---- Data supplied

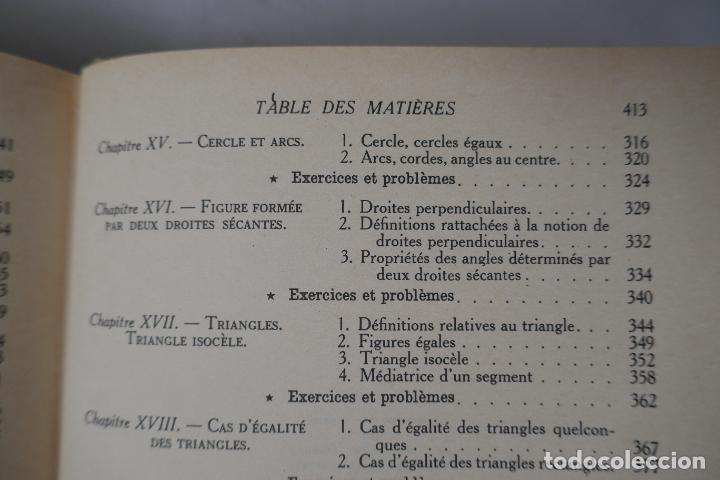 Libros de segunda mano de ciencias: COHEN, Vidal. - MATHEMATIQUES - classe de Cinqui&egrave;me (en Franc&eacute;s) - Foto 17
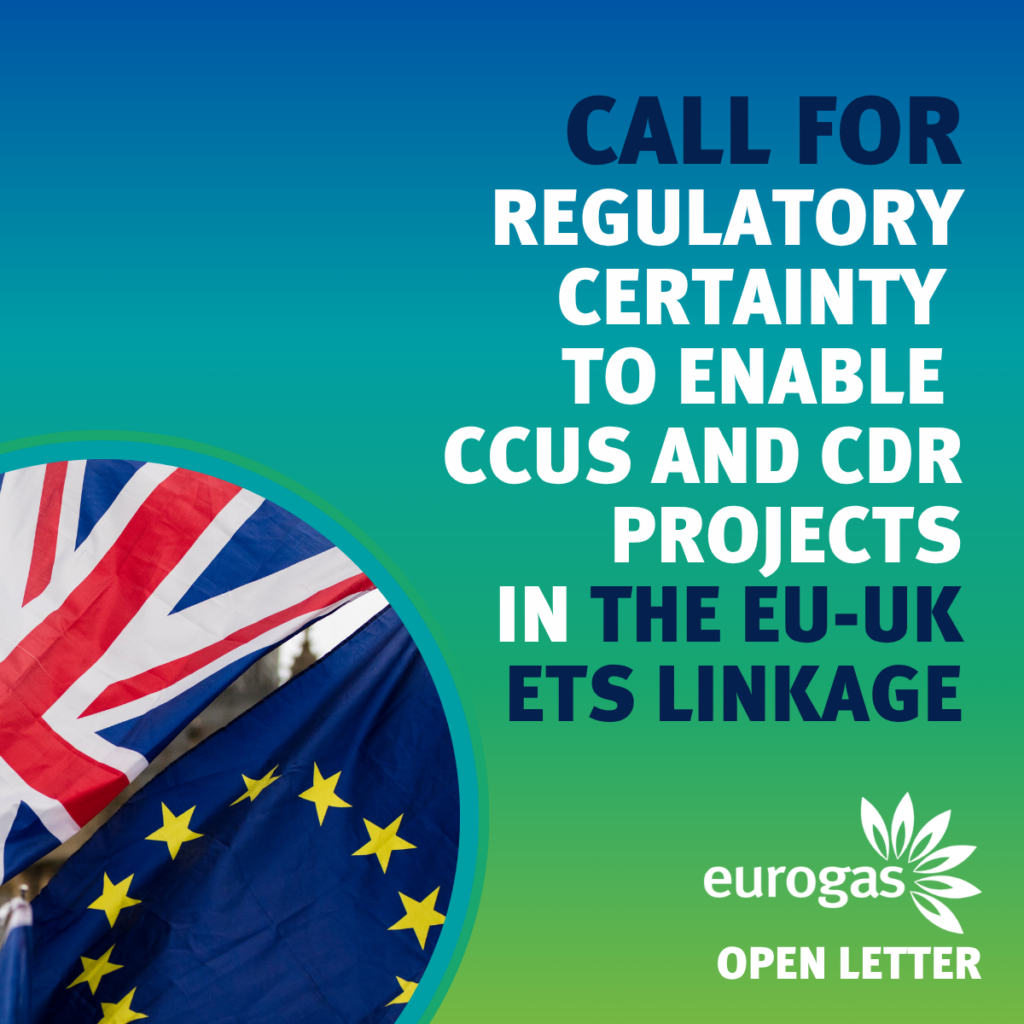 Open Letter on EU-UK ETS Linkage: Regulatory Certainty to Enable Cross-Border CCUS and CDR projects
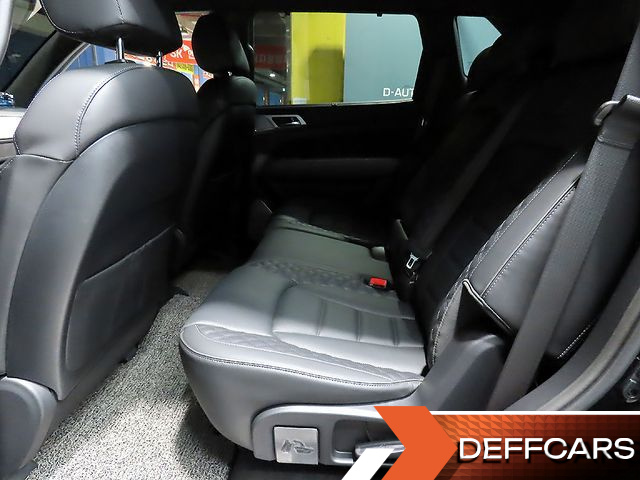 Ssangyong REXTON Diesel 2.2 4WD The Black купить на сайте DeffCars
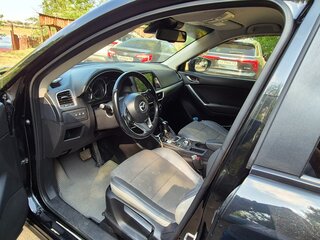 2015 Mazda CX-5 I Рестайлинг, чёрный, 2090000 рублей, вид 4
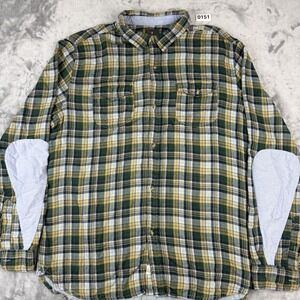 Hawkings McGill Men's Button Down Plaid Shirt Size XL Long Sleeve Cotton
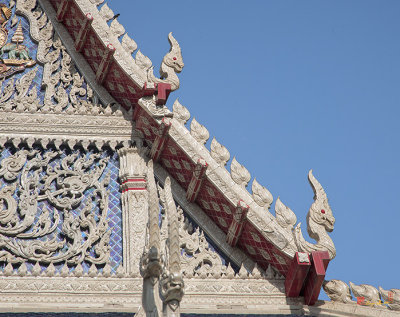Wat Tsai Phra Ubosot Gable Naga Finials (DTHB0401)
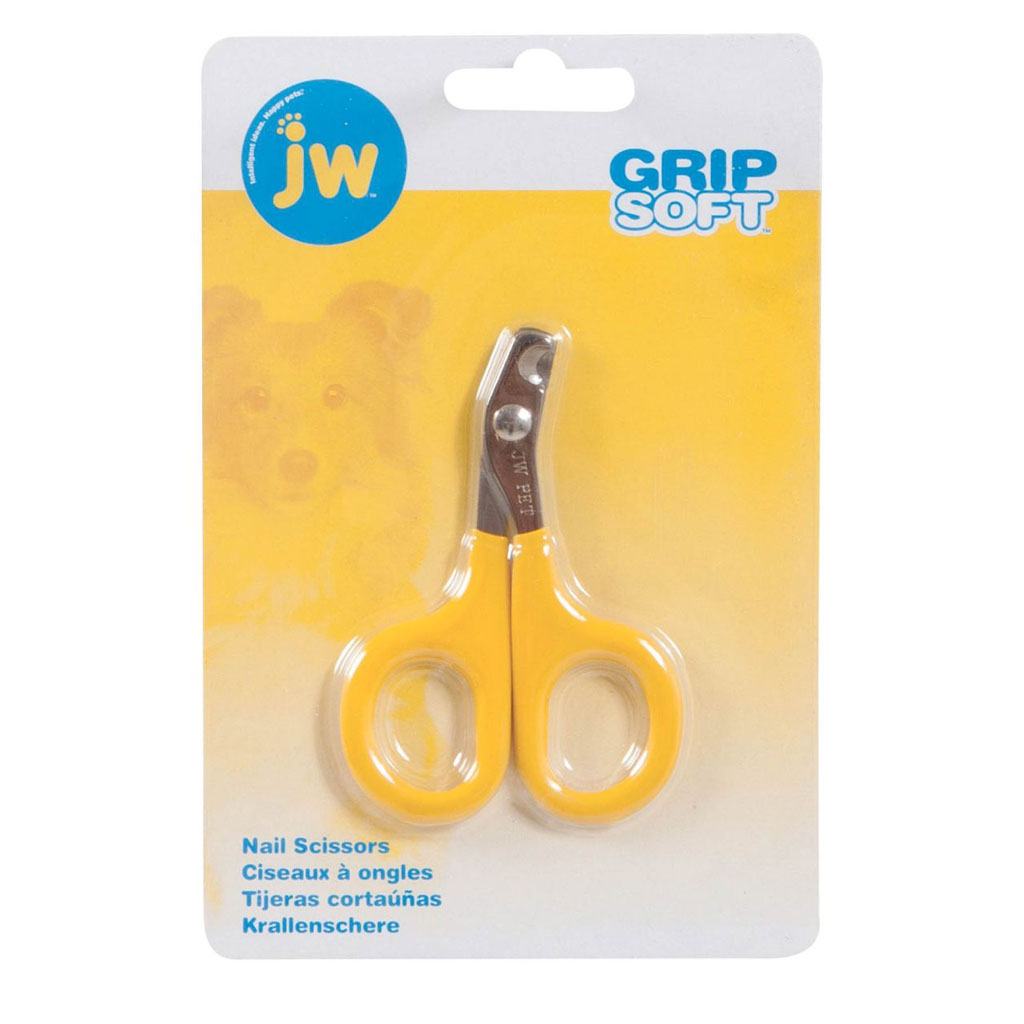 JW GRIP SOFT NAIL CLIPPER SM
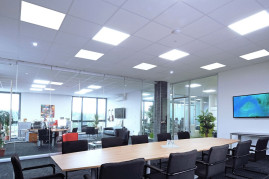Потолочный светодиодный светильник Deko-Light Basic Office 100146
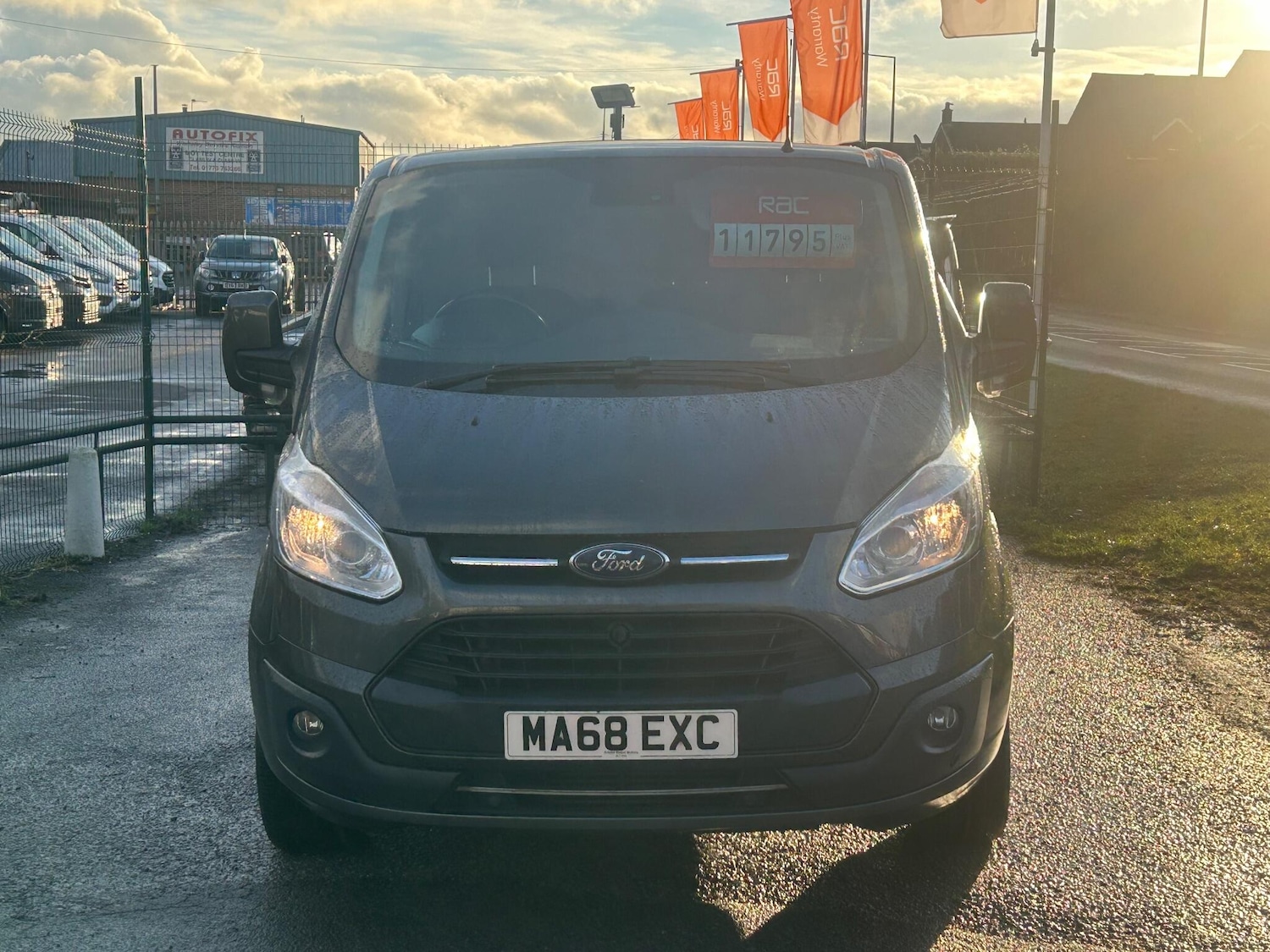 Used Ford Transit Custom 2018 for sale - 77202951: Photo 2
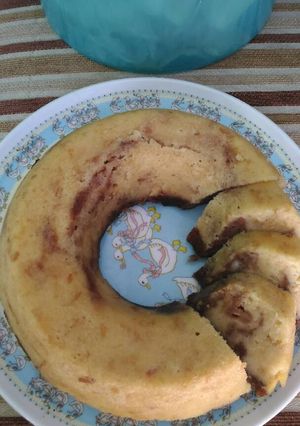 Foto resep Bolu kukus roti tawar keju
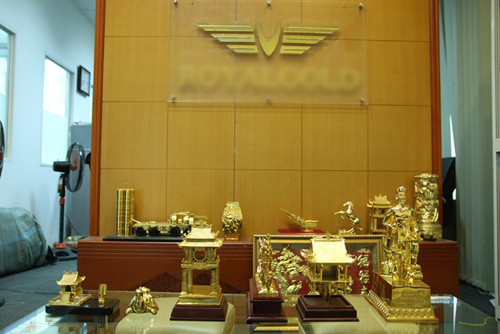 Những biểu tượng này sẽ là những món quà độc đáo để tặng bạn bè, người thân hoặc tặng các du khách, đối tác nước ngoài mang đậm nét văn hóa của Hà Nội.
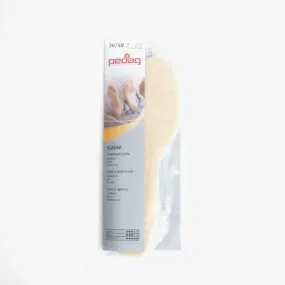 ALASKA Lambswool Insoles (Cut To Size): Size 36-40: EU 36-40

--------

#### What the exercise asks
In the records, the line containing "Hawkings McGill Men's" starts the span and the final line ends it. Output exactly that span, both ends included, with no pictures and nothing else.

#### Your response
 Hawkings McGill Men's Button Down Plaid Shirt Size XL Long Sleeve Cotton
Wat Tsai Phra Ubosot Gable Naga Finials (DTHB0401)
 JW GRIP SOFT NAIL CLIPPER SM
Потолочный светодиодный светильник Deko-Light Basic Office 100146
 Used Ford Transit Custom 2018 for sale - 77202951: Photo 2
 Foto resep Bolu kukus roti tawar keju
 Những biểu tượng này sẽ là những món quà độc đáo để tặng bạn bè, người thân hoặc tặng các du khách, đối tác nước ngoài mang đậm nét văn hóa của Hà Nội.
 ALASKA Lambswool Insoles (Cut To Size): Size 36-40: EU 36-40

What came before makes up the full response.